Savage Pageant is a 2020 debut poetry collection by Jessica Q. Stark, published by Birds, LLC.

== Synopsis ==
The book, a work of documentary poetics, traces the history of Jungleland, a defunct zoo in Thousand Oaks, California, that housed Hollywood's performing animals from the 1920s until its closure in 1969.

== Background ==
Stark told BOA Editions in 2023 that Savage Pageant was a "haunted text" that interrogated "the specificity of a place that is haunted by barely perceptible physical traces—of a zoo in California and in the soil and blood of our nation." She also shared her experiences researching at Duke University, stating that "the stuff of real research is not glamorous" and involves "piecemeal, incomplete histories, imperfect cataloguing, missing parts."

== Critical reception ==
Savage Pageant was named one of the best poetry books of 2020 by both The Boston Globe and Hyperallergic. It was also a finalist for the Poetry Society of America's Norma Farber First Book Award.

The Los Angeles Review called the book "splendidly complex," stating that Stark "presents as her central thesis: yes, the culture of spectacle destroys an organic connection to our bodies in the world. However, she argues, we need the spectacle to survive."

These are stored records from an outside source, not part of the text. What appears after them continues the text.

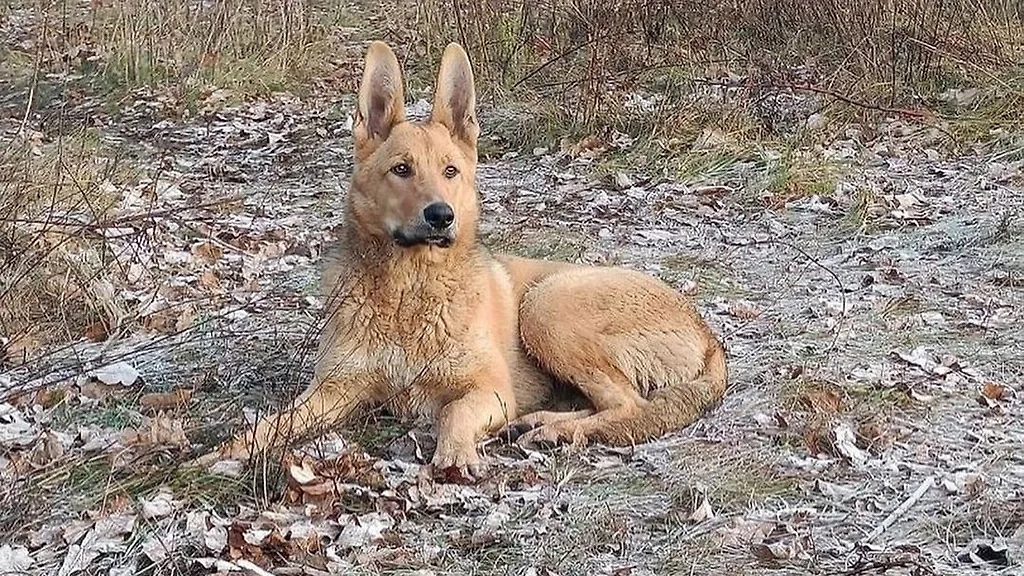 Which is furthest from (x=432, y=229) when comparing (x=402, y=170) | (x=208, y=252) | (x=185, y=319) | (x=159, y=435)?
(x=208, y=252)

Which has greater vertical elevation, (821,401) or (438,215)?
(438,215)

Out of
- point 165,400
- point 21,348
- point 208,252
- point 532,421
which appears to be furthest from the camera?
point 208,252

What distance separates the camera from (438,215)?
4625 millimetres

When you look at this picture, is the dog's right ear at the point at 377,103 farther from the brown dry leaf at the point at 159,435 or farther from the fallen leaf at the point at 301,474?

INDY Week praised it as "a thoughtful and important addition" to the tradition of documentary poetics and in particular called the title poem "gripping."

Heavy Feather Review called it "a show-stopping debut" that "goes way beyond its potential as a collection of poetry," praising how it "rushes in with spectacle but leaves a fierce, burning hunger for what America remembers and what America forgets."

The Carolina Quarterly called it "a profound work of care that insists on our becoming involved in the face of historic and continued harm."